• [DATA FOR THE TASK]:
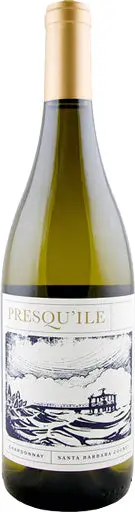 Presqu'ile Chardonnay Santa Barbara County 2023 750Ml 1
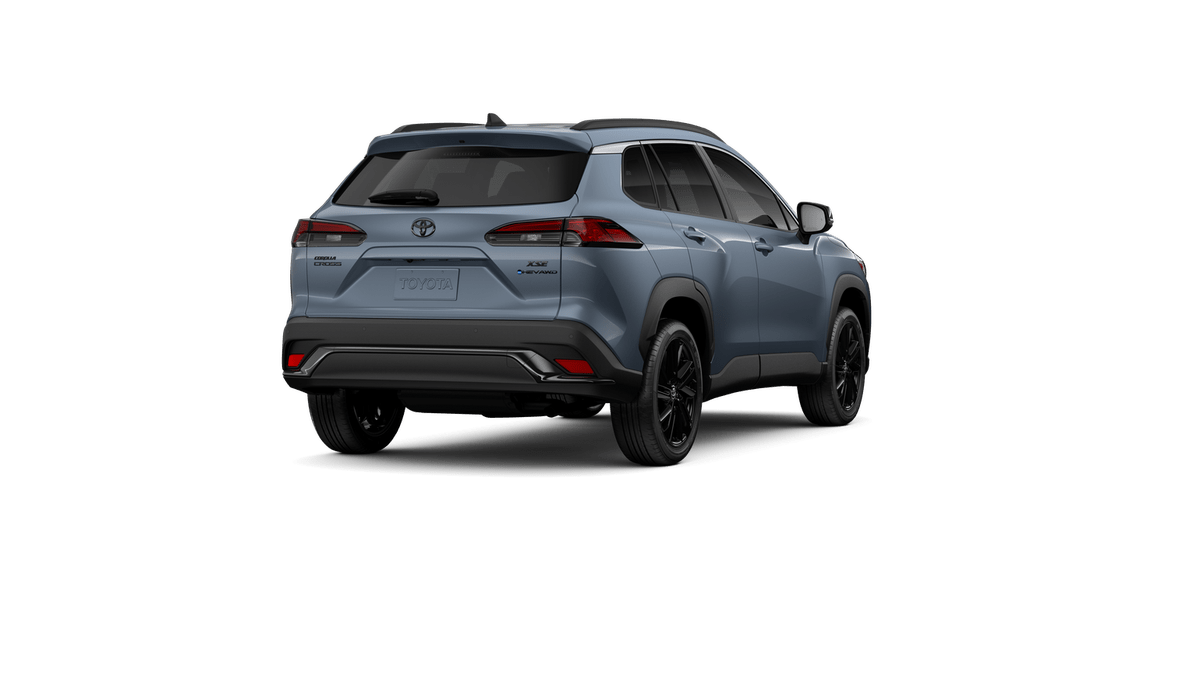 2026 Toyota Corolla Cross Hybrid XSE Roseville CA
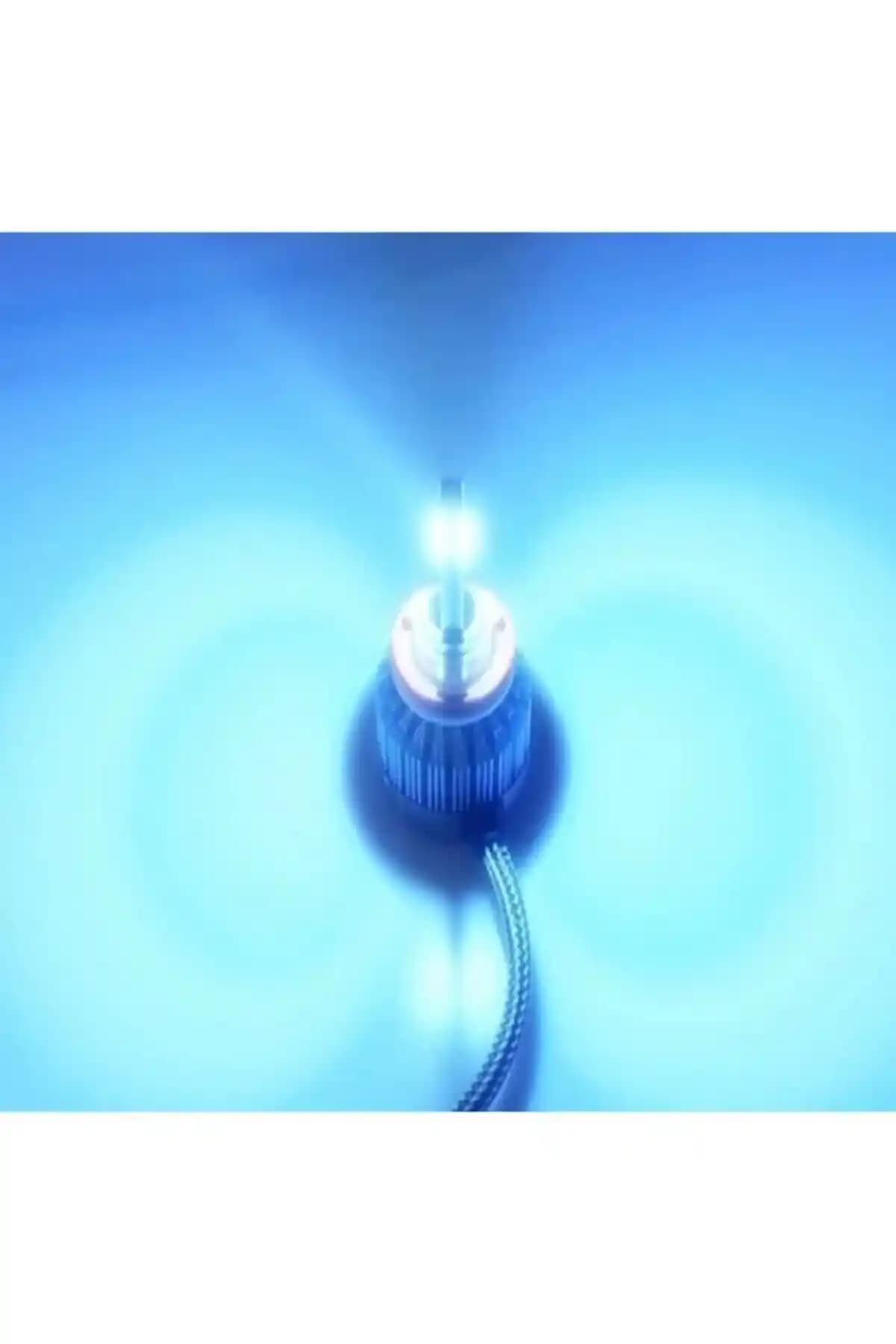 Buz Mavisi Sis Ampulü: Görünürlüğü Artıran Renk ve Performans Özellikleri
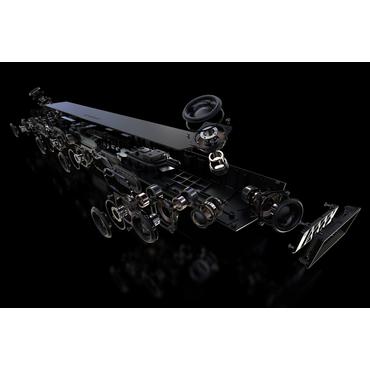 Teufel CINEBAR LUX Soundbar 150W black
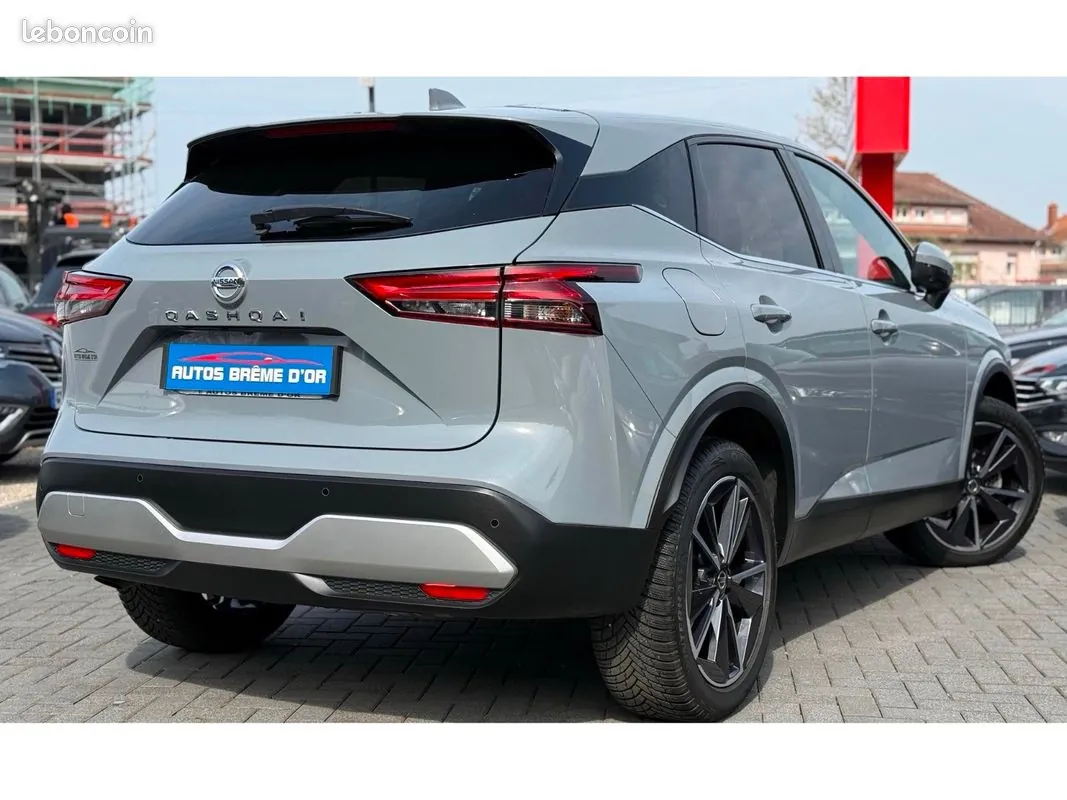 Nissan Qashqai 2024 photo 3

• [DIRECTIONS]:
Word for word, repeat the lines of data above, omitting every picture.

• [SOLUTION BELOW]:
 Presqu'ile Chardonnay Santa Barbara County 2023 750Ml 1
 2026 Toyota Corolla Cross Hybrid XSE Roseville CA
 Buz Mavisi Sis Ampulü: Görünürlüğü Artıran Renk ve Performans Özellikleri
 Teufel CINEBAR LUX Soundbar 150W black
 Nissan Qashqai 2024 photo 3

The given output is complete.